▶ RECORDS FOR THIS TASK:
________________
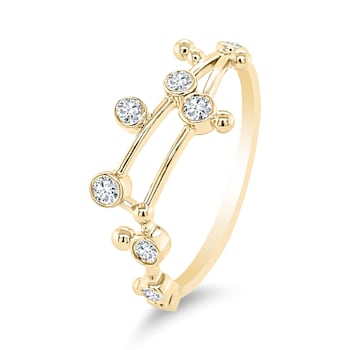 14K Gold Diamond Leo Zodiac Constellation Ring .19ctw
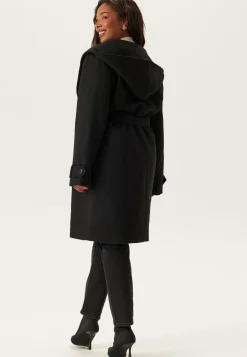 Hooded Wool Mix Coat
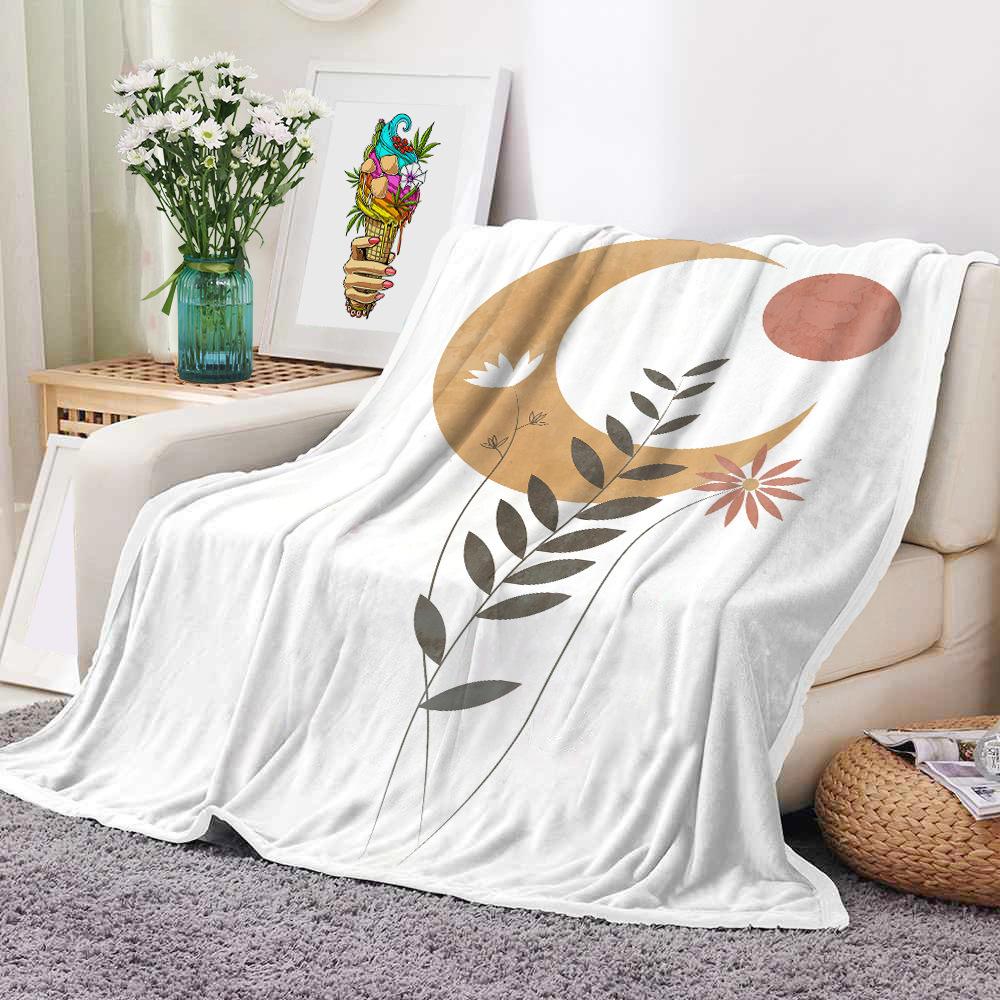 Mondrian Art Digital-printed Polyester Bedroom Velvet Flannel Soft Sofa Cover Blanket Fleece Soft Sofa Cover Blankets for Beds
________________
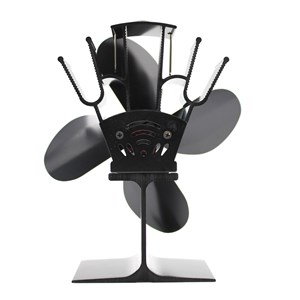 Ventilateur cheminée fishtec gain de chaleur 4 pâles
________________
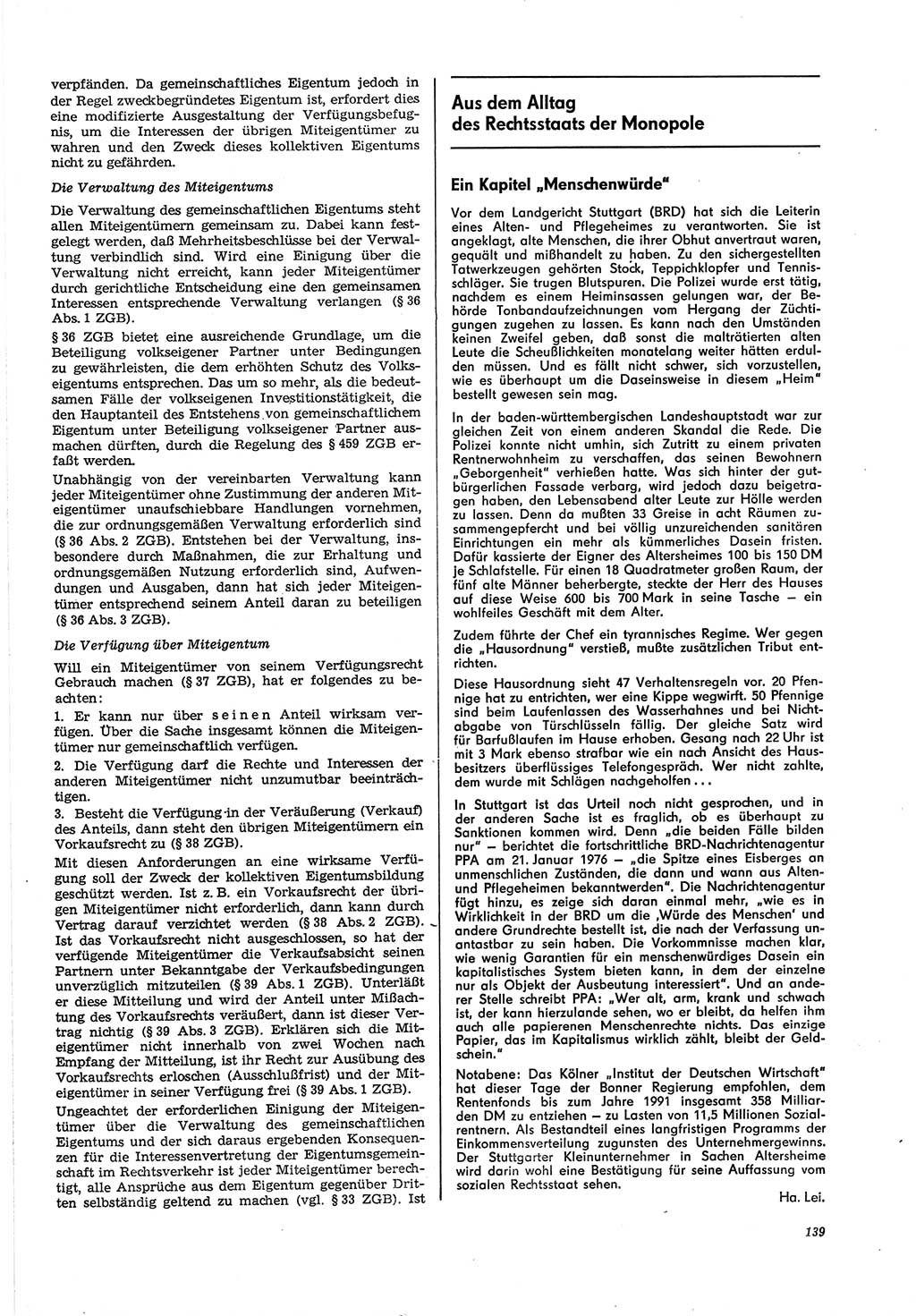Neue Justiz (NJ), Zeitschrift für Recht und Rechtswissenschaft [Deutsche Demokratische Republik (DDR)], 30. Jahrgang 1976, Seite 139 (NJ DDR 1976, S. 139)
________________
▶ TASK TO COMPLETE: Within the material above, find the part that opens with the line containing "14K Gold Diamond" and closes with the line containing "Mondrian Art Digital-printed", and reproduce it exactly without the pictures.

▶ TASK ANSWER:
 14K Gold Diamond Leo Zodiac Constellation Ring .19ctw
 Hooded Wool Mix Coat
 Mondrian Art Digital-printed Polyester Bedroom Velvet Flannel Soft Sofa Cover Blanket Fleece Soft Sofa Cover Blankets for Beds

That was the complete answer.